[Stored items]

★ ★ ★ ★ ★ ★ ★

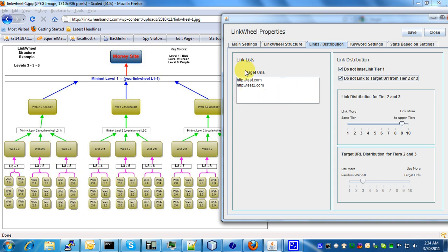They're never going to use the target URL list. Basically all they're going to do when these tiers 2 and tiers 3 are being processed and this is checked, is just link to the blog URL of whatever account they're going to try to target.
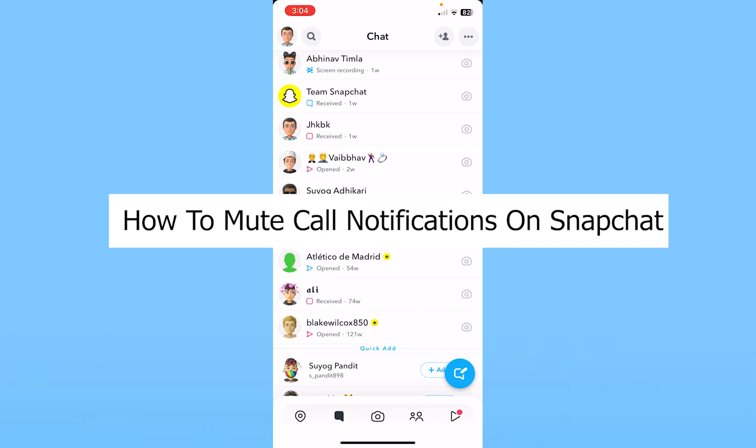Today I'll be teaching you how you can mute call notifications on Snapchat. Snapchat doesn't have a feature which allows you to just mute your call notifications. You have to mute every single notification all at once.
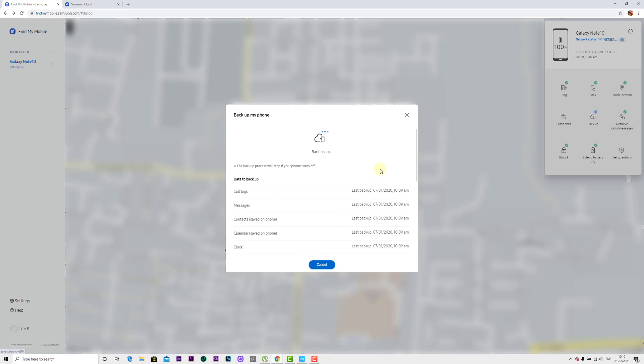That's it. This is the way you can take backup even if you lost your phone or it's stolen. You can remotely back up all your files, call logs, messages, etc. Hope this video will be very helpful. Thank you so much. Bye bye.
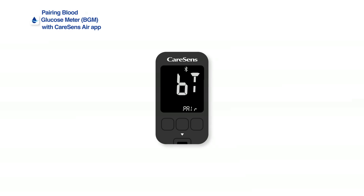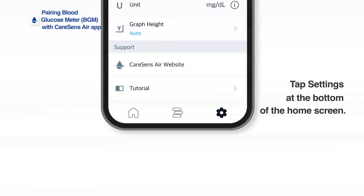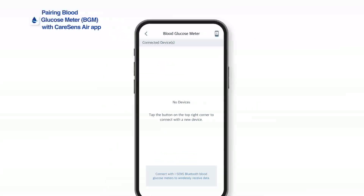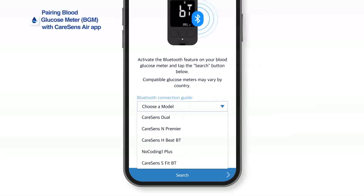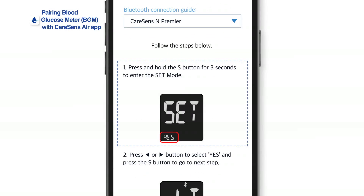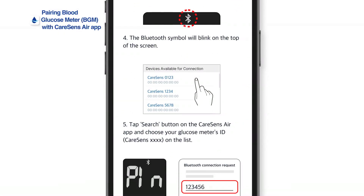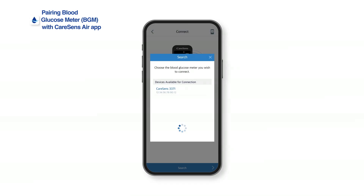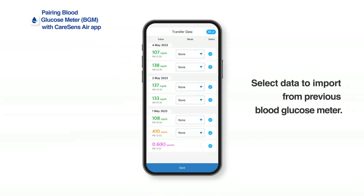iSense BGMs with Bluetooth function can be linked to the Kerasens Air app to automatically send glucose measurements. Tap Settings at the bottom of the home screen, then tap Blood Glucose Meter. Tap the blood glucose meter icon at the top right corner of the screen to connect with a new glucose meter. Tap the blood glucose meter you wish to pair with in the list of connectable devices. Enter the pin code shown in the glucose meter display. Once pairing is complete, data from your previous blood glucose meter can be imported. Choose the data you wish to import and tap Save.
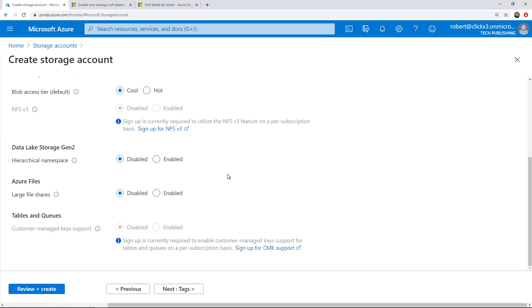If you want to enable large file shares, you can do that. This allows you to get up to 100 terabyte file storage. I'm not going to be using large ones that cost a lot more, so I'm just going to leave that. Tables and queues are disabled because we're not choosing that type of option.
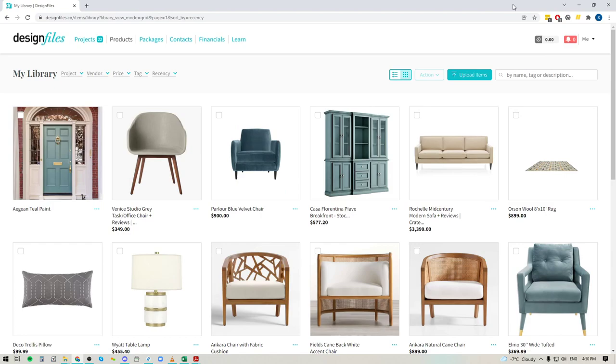Hey folks, Sheila here from Design Files. I just wanted to pop on with a quick video to show you a great new update that will help you really clean up your product library.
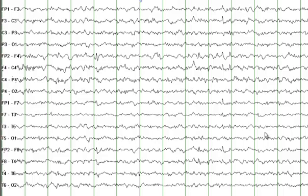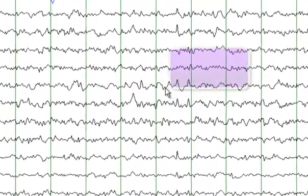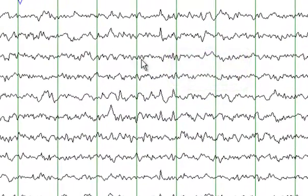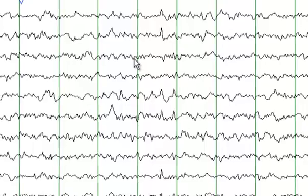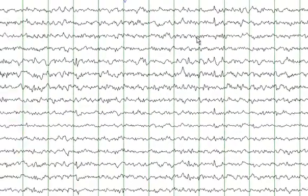Apart from the delta activity, you also see theta frequencies. These frequencies here are the theta frequencies, and there is superimposed beta activity. Beta frequency is a band that ranges from 13 Hz and onwards, so frequencies which are either 13 Hz or higher are classified as beta frequencies.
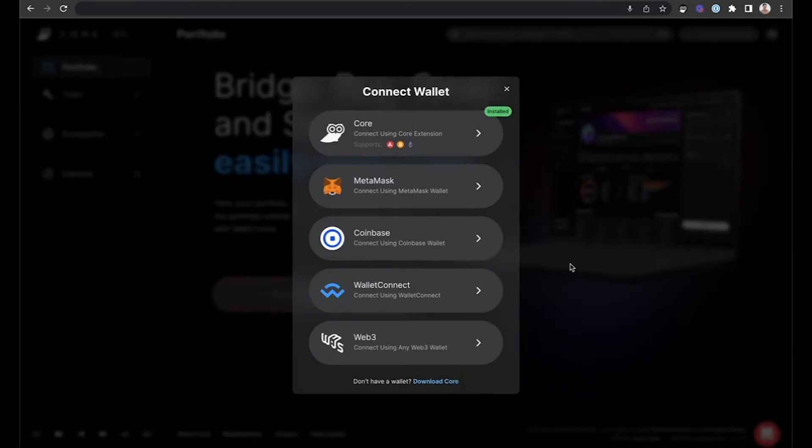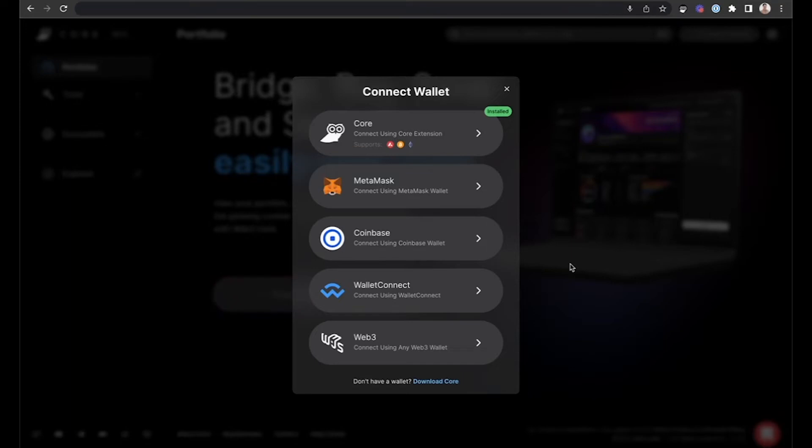Core, MetaMask, Coinbase, WalletConnect, and Web3 are all supported. If you have the Core Browser extension already installed, it will notify you that it is installed and you can use this to easily connect to Core Web.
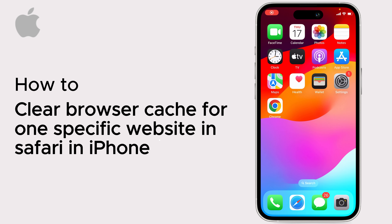Hello everyone. Today I will show you how to clear browser cache for one specific website in Safari on iPhone.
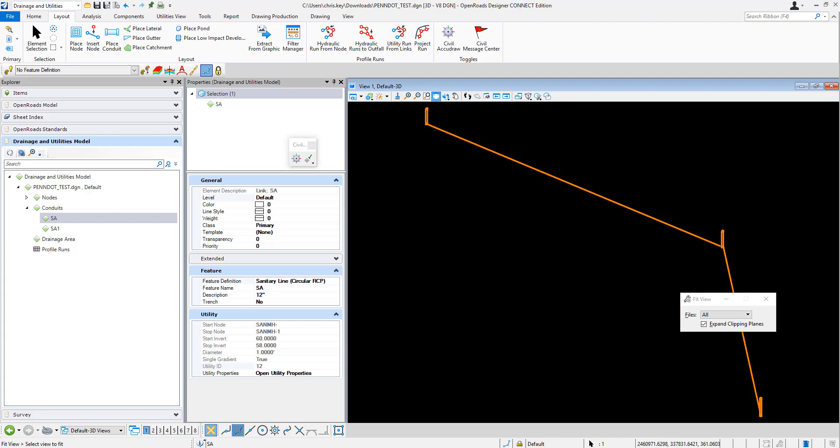So in this example what we have is a couple of wastewater manholes and conduits that are placed, and I'm going to show you inside the feature definition how we can apply a trenching template. And then for each of the conduits we're going to set the trenching option to true and let it place that template.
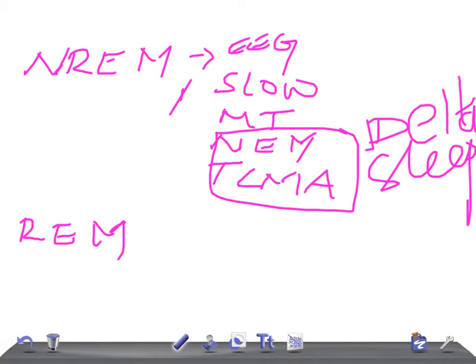Now let's talk about REM sleep - rapid eye movement. What are the characteristics of rapid eye movements?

★ ★ ★ ★ ★ ★ ★

Retype the line containing "If you want" and each line after it through the last line of the entries above, exactly, with no pictures and nothing else.

If you want to enable large file shares, you can do that. This allows you to get up to 100 terabyte file storage. I'm not going to be using large ones that cost a lot more, so I'm just going to leave that. Tables and queues are disabled because we're not choosing that type of option.
Hey folks, Sheila here from Design Files. I just wanted to pop on with a quick video to show you a great new update that will help you really clean up your product library.
Apart from the delta activity, you also see theta frequencies. These frequencies here are the theta frequencies, and there is superimposed beta activity. Beta frequency is a band that ranges from 13 Hz and onwards, so frequencies which are either 13 Hz or higher are classified as beta frequencies.
Core, MetaMask, Coinbase, WalletConnect, and Web3 are all supported. If you have the Core Browser extension already installed, it will notify you that it is installed and you can use this to easily connect to Core Web.
Hello everyone. Today I will show you how to clear browser cache for one specific website in Safari on iPhone.
So in this example what we have is a couple of wastewater manholes and conduits that are placed, and I'm going to show you inside the feature definition how we can apply a trenching template. And then for each of the conduits we're going to set the trenching option to true and let it place that template.
Now let's talk about REM sleep - rapid eye movement. What are the characteristics of rapid eye movements?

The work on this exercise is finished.